Jul 24, 2002, 11:49:44 PM7/24/02

to

* Jeff Sandys

This may be a case for Common Lisp's unique features, for which it seems it
gets harder to argue in the presence of those who appear to believe that
syntax and convenience are entirely irrelevant, but more on that below.

The standard idiom, functional composition inside-out read from right to
left, may be hard to read and follow for a series of transformations, so you
may want to express it entirely differently, like you initially wrote it:

[ in -> a2b -> b2c -> c2d -> d2e -> e2f ]

You could do this with an ordinary macro, too:

(transform in -> a2b -> b2c -> c2d -> d2e -> e2f)

where the symbol -> is a mere noise word or marker, but if you find yourself
programming with such transformations, both order and notation may be shaped
to your convenience with reader macros and supporting code to make it easier
for you to see effortlessly that you have written the code correctly, but if
you do not have enough of these forms in your code, the value of an unusual
form will outweigh the convenience, and the burden of understanding the small
changes you have made to the syntax will cause a maintainer to remove it.
(Much like someone who uses the term "hapax legomenon" will probably use it
only once -- and immediately regret having used up that joke for good.)

If you look for a "Lisp idiom", I think you have preordained your solution
and constricted your options prematurely.
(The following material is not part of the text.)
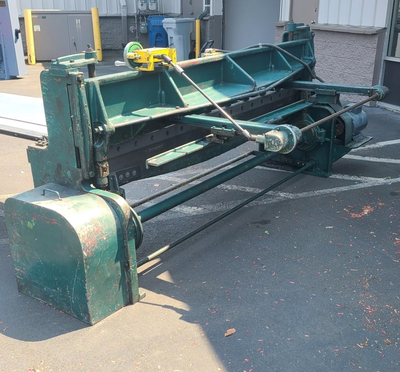 U14507C Wysong 816 shear with squaring table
If you look for a way to use Lisp
to do precisely what you have in mind, in the way you already think, and you
are reasonably certain that you "think Lisp", I see no problems with creating
a mini-language more suited for the job than more long-hand notations.
However, the fear that you may not "think Lisp" well enough just because you
want to use an (evil?) infix syntax for a clearly defined purpose may be
psychologically stultifying. The key is to maintain a high and consistent
level of aesthetics and not engage in rabid excesses or purposeless changes.
For instance, when I had to deal with C++ a long time ago, the desire to
redesign the language was overpowering and actually got in the way of using
the language. Similarly, extremely tasteless stunts in Common Lisp would
cause other programmers to receive a constant stream of SIGWTFs while reading
your code and that would get in the way of business. (Much like someone who
decides to write his own translation of the Bible, say, and quotes verses in
an unusual form that causes those who thought they knew them to get upset
instead of nodding knowingly to reams of archaic words ending in "eth".)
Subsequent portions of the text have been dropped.